I am so glad I came. Walking around even a small part of the acreage gave me a sense of the vastness of it, a chance to absorb through my senses the scale of a building complex achieved just shy of two thousand years ago. It was a taste of what Rome at the pinnacle of her powers could do. It was also a very pleasant walk in the country. I had almost become inured to the filthiness of the city, until I breathed air that was sweet and pure. I had a strong urge to pack my bags and move to Tivoli. Don’t think I was not tempted.
We had lunch in the insanely charming town of Tivoli, which was the place to go for prophesy back in the day.  The place my Context guide knew was closed but we lucked into a wonderful restaurant on a terance overlooking the hills and valley, the medieval streets and houses clinging to the verdant hills. Our table was beneath an arbor canopy of wisteria in full bloom. Yeah, charmed life. Ms Barberini made a remark that has had me thinking ever since. Someone has asked her if the way Italians use their hands when they speak is reflected in the gesturing in renaissance painting, like the hands of Michelangelo’s Christ of the last Judgment in the Sistine Chapel. Huh. I’ll be looking for that for the rest of the week.
Back through the narrow lanes of Tivoli, which were startlingly clean;  oh poor dirty, nasty, trashy Rome and off to Villa d’Este. The rooms were painted in a way that reminded me of Chigi’s Farnesina, as there was a certain Raphael-lite look to the art.
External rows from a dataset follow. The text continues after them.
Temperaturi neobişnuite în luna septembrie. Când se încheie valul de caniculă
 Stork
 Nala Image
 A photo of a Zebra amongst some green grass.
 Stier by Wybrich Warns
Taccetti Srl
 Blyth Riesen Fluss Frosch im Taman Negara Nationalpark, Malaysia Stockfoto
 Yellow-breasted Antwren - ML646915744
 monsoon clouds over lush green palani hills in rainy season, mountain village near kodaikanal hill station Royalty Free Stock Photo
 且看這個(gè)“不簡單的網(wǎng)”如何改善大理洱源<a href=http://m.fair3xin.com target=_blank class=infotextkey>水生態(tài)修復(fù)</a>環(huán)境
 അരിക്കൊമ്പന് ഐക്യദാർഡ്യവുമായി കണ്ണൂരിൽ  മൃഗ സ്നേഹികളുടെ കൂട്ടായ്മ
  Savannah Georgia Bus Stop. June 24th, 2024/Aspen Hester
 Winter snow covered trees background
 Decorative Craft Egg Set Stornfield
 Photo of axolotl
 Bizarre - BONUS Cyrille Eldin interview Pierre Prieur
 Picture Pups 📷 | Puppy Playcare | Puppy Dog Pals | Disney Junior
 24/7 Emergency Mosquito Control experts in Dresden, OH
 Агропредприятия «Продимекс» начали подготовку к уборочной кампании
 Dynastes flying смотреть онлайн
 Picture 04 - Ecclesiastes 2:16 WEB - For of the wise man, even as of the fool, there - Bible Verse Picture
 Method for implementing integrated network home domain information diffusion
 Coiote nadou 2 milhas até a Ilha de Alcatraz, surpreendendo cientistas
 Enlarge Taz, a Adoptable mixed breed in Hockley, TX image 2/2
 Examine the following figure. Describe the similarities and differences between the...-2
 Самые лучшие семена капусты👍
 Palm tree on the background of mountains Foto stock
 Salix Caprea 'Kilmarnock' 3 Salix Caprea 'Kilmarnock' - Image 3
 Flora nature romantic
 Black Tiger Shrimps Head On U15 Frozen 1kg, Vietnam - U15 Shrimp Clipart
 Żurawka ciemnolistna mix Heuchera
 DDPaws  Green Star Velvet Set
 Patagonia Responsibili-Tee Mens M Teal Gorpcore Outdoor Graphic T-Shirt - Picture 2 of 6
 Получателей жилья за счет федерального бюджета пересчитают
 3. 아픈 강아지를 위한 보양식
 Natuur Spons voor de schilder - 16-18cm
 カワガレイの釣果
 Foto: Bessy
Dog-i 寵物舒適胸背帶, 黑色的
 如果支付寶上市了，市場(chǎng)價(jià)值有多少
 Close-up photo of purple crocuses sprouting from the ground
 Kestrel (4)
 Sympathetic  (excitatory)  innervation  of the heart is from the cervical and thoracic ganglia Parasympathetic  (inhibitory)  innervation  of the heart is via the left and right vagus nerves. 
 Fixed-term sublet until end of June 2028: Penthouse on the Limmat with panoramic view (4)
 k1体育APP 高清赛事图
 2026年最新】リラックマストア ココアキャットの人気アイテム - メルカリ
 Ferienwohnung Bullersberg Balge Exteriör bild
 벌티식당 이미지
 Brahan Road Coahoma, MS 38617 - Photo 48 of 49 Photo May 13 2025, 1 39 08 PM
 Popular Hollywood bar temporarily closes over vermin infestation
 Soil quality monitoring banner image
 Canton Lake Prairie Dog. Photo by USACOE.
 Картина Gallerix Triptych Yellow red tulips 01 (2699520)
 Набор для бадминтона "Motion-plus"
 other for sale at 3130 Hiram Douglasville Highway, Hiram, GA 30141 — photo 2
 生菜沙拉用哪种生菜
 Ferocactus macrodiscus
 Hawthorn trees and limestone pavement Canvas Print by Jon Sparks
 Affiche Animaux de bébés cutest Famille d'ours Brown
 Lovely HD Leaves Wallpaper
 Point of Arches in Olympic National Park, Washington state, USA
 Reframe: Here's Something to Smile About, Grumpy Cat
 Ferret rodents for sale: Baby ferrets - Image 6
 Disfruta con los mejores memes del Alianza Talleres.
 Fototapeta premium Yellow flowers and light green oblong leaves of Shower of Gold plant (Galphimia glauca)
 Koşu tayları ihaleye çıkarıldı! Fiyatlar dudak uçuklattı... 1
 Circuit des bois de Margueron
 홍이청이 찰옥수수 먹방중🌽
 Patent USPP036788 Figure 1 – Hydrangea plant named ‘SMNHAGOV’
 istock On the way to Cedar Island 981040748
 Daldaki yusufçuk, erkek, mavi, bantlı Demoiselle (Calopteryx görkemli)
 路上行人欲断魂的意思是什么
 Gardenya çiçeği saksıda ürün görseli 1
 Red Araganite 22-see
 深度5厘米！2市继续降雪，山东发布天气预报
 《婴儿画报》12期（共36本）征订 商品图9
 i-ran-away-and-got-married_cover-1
I loved this trompe l’oeile of the painter stepping through a door in his doublet and improbably, but perfectly, chained to an ape. But oh, the views, the terraces, the gardens, and the fabulous feats of hydraulic engineering.  The water features were situated in a way that each one came into view fresh. They were revealed as you turned a corner, or walked down a stair, or out onto a terrace. Each one had its moment and the cumulative effect was both powerful and enchanting at the same time.
A Rockette lineup of spitting gargoyles faces, A Sybil sculpture above waterfall  where meals were served. The sound of water falling was so loud I do not doubt guests could have had private conversations.A wall of sculpture, spitting fauns, and pools that overlooked a magnificent vista.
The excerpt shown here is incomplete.